§ Brief:
Begin your copy at the line with "In the comments" in the records below and end it at the line with "6 multiplied by which", restating each line word for word; omit the pictures.

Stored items
---*---

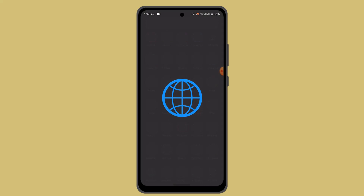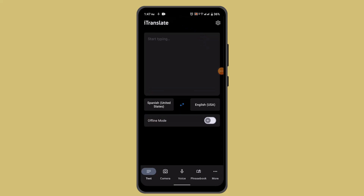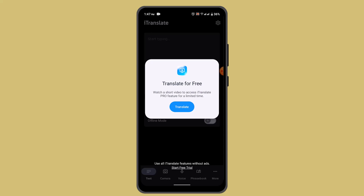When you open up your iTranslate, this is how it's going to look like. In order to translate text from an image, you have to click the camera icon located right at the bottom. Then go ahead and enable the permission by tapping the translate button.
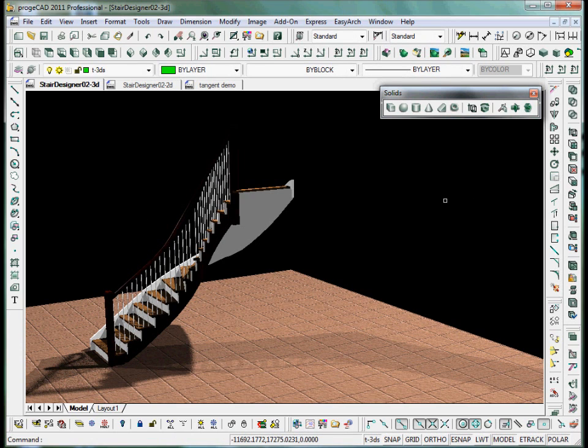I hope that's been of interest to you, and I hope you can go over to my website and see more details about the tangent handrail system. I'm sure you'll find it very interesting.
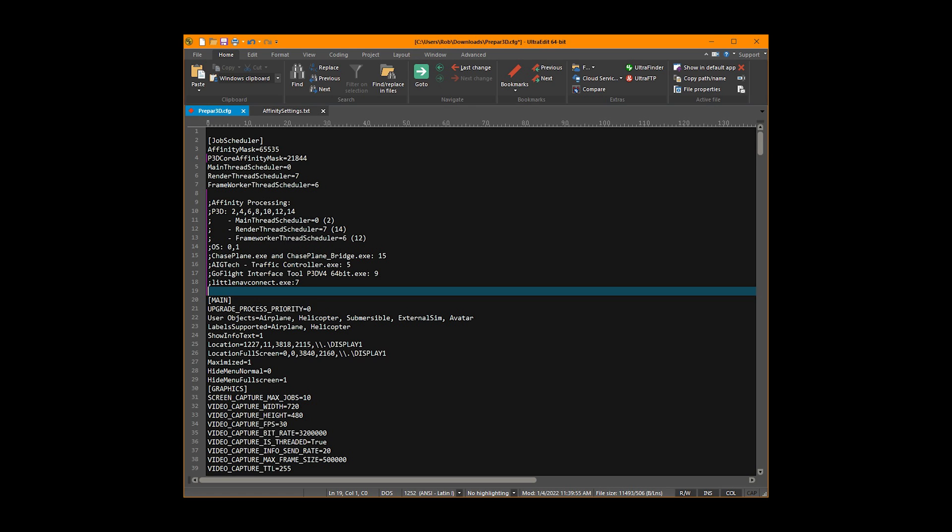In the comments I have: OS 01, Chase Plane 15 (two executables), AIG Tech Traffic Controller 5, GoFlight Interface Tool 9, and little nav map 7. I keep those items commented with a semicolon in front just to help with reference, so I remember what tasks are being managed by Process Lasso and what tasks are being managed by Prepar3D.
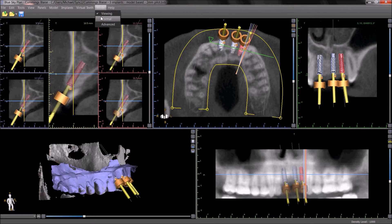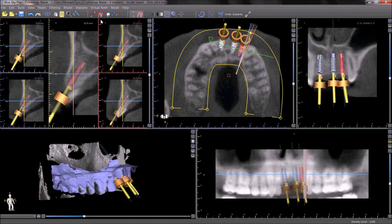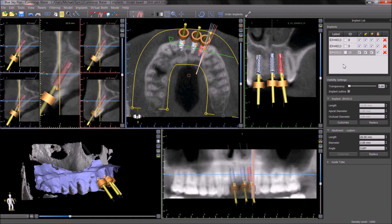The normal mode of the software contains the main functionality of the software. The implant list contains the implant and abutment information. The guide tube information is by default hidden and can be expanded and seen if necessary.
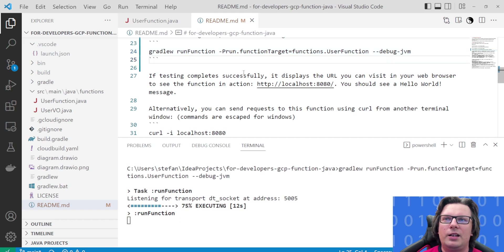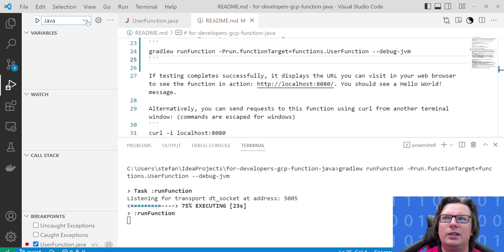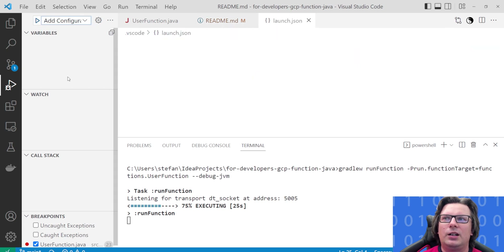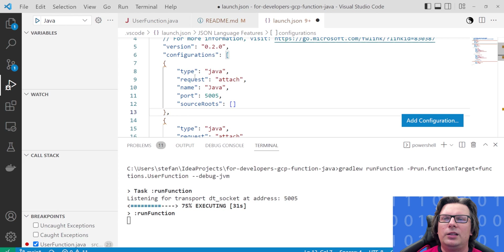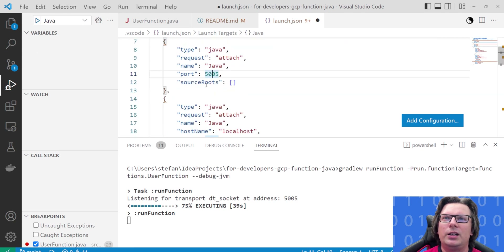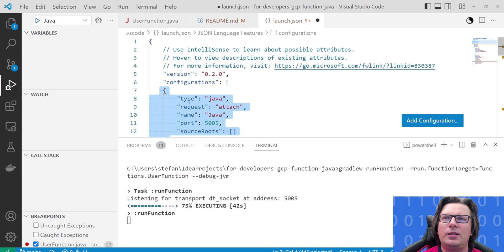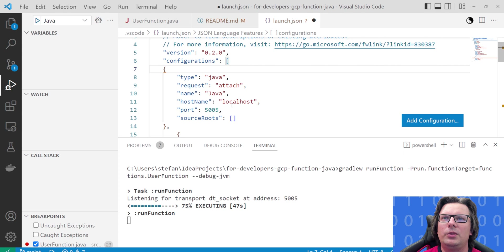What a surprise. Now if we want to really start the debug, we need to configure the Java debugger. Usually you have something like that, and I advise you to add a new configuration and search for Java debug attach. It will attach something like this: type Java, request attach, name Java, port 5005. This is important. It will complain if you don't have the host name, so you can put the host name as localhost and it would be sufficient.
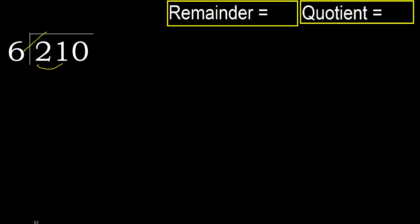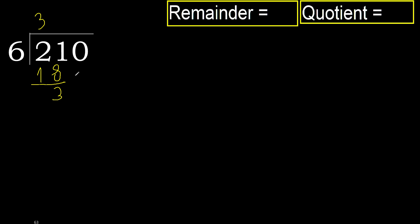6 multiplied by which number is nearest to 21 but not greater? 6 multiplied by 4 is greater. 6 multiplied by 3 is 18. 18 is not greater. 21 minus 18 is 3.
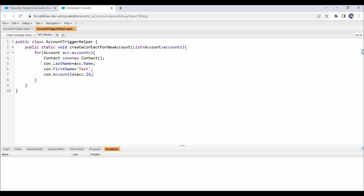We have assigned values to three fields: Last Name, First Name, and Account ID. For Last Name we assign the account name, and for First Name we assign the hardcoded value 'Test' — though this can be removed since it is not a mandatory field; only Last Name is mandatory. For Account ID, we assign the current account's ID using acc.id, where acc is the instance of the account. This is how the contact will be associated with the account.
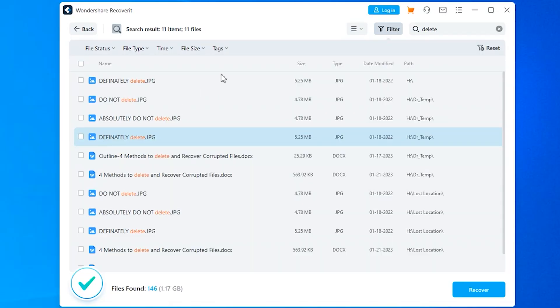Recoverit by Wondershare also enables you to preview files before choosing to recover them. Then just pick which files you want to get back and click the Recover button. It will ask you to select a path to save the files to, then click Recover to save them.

---*---

§ Response box:
In the comments I have: OS 01, Chase Plane 15 (two executables), AIG Tech Traffic Controller 5, GoFlight Interface Tool 9, and little nav map 7. I keep those items commented with a semicolon in front just to help with reference, so I remember what tasks are being managed by Process Lasso and what tasks are being managed by Prepar3D.
The normal mode of the software contains the main functionality of the software. The implant list contains the implant and abutment information. The guide tube information is by default hidden and can be expanded and seen if necessary.
What a surprise. Now if we want to really start the debug, we need to configure the Java debugger. Usually you have something like that, and I advise you to add a new configuration and search for Java debug attach. It will attach something like this: type Java, request attach, name Java, port 5005. This is important. It will complain if you don't have the host name, so you can put the host name as localhost and it would be sufficient.
6 multiplied by which number is nearest to 21 but not greater? 6 multiplied by 4 is greater. 6 multiplied by 3 is 18. 18 is not greater. 21 minus 18 is 3.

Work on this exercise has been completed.